(Stored data entries)
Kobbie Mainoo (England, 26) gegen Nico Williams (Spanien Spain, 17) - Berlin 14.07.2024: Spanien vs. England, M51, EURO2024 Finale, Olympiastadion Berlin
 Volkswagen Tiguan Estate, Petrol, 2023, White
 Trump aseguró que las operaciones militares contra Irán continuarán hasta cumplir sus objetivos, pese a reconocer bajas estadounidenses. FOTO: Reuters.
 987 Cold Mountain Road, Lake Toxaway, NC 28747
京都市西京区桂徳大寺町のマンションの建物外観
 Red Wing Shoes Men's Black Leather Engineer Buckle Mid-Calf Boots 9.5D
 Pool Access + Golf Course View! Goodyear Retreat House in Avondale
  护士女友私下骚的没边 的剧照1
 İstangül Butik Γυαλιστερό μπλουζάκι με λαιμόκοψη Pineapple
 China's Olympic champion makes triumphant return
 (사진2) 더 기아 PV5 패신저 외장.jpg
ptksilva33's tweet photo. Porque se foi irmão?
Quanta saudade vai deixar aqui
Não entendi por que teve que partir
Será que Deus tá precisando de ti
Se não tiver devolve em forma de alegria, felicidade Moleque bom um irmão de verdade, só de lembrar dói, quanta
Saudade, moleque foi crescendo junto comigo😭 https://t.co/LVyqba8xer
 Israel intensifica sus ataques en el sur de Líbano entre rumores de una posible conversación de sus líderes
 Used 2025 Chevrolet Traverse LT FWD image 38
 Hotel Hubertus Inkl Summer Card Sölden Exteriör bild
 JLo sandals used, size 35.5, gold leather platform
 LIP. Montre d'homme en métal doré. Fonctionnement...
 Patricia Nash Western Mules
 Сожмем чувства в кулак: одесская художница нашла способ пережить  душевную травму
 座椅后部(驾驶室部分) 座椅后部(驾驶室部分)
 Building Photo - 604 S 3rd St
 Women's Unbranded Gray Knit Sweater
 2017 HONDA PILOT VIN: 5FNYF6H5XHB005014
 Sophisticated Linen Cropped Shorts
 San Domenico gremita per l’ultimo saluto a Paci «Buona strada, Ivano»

About this task: Using the data above, repeat exactly the lines that begin at the line with "Não entendi por que teve que partir" and end at the line with "Women's Unbranded Gray Knit Sweater", both ends included.

Written response:
Não entendi por que teve que partir
Será que Deus tá precisando de ti
Se não tiver devolve em forma de alegria, felicidade Moleque bom um irmão de verdade, só de lembrar dói, quanta
Saudade, moleque foi crescendo junto comigo😭 https://t.co/LVyqba8xer
 Israel intensifica sus ataques en el sur de Líbano entre rumores de una posible conversación de sus líderes
 Used 2025 Chevrolet Traverse LT FWD image 38
 Hotel Hubertus Inkl Summer Card Sölden Exteriör bild
 JLo sandals used, size 35.5, gold leather platform
 LIP. Montre d'homme en métal doré. Fonctionnement...
 Patricia Nash Western Mules
 Сожмем чувства в кулак: одесская художница нашла способ пережить  душевную травму
 座椅后部(驾驶室部分) 座椅后部(驾驶室部分)
 Building Photo - 604 S 3rd St
 Women's Unbranded Gray Knit Sweater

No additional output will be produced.